# New look?



## syphix

What's up with the forum today?? It looks....weird.


----------



## Chuck W

I hope it's April fools...

FYI you can change the skin the board uses, in your settings.


----------



## Button Pusher

I thought the same thing. Weird color scheme. It is the 1st of course.


----------



## MikeR7

syphix said:


> What's up with the forum today?? It looks....weird.


It changed in the middle of my surfing in the last few minutes. I like the new look. Easy on the eyes. :lol:


----------



## syphix

If you go into your control panel and then "options", you can change to use "DBSTalk default", which should push you back to the other "skin"...this grey and blue one is the one listed "Forum default". There's about 7-8 other skins available, too...


----------



## Satsince1978

Blue on blue, small print, VERY HARD TO READ! 
How or where do I change Skins??


----------



## Carl Spock

Reboot! Where's the reboot menu? :eek2:


----------



## Chris Blount

Just having a bit of fun today.  You can change it back to "DBSTak Default" using the style dropdown at the bottom of each page.


----------



## Doug Brott

Nice! .. :lol:


----------



## Carl Spock

There it is. At the bottom left of each page. I never noticed it before.


----------



## Carl Spock

Either Chris is continuing to frell around with the board or I'm having one of those flashbacks I was always warned about but never have experienced.

I hope it's the later.
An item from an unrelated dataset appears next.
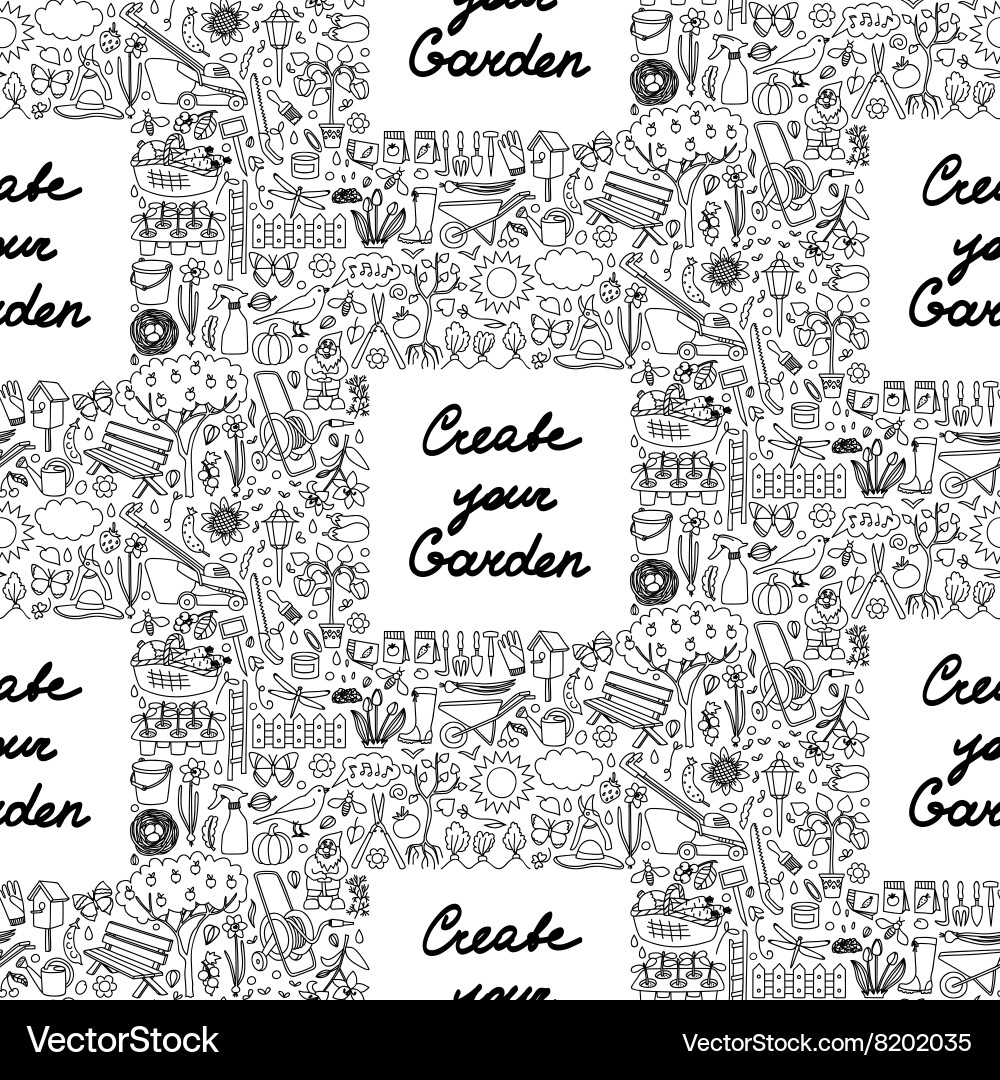 Create your garden frame seamless pattern vector image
I've always wanted one. :grin:


----------



## houskamp

Chris Blount said:


> Just having a bit of fun today.  You can change it back using the style dropdown at the bottom of the page.


wheew.. I was going blind trying to read it :eek2:


----------



## carlsbad_bolt_fan

U G L Y! Hard to read.


----------



## carl6

Wow, it sure took me awhile to figure out how to get back to normal. I was just thinking about how I wouldn't be reading DBSTalk much anymore.

I was pretty sure it was a n April 1st issue, glad it is easily rectified.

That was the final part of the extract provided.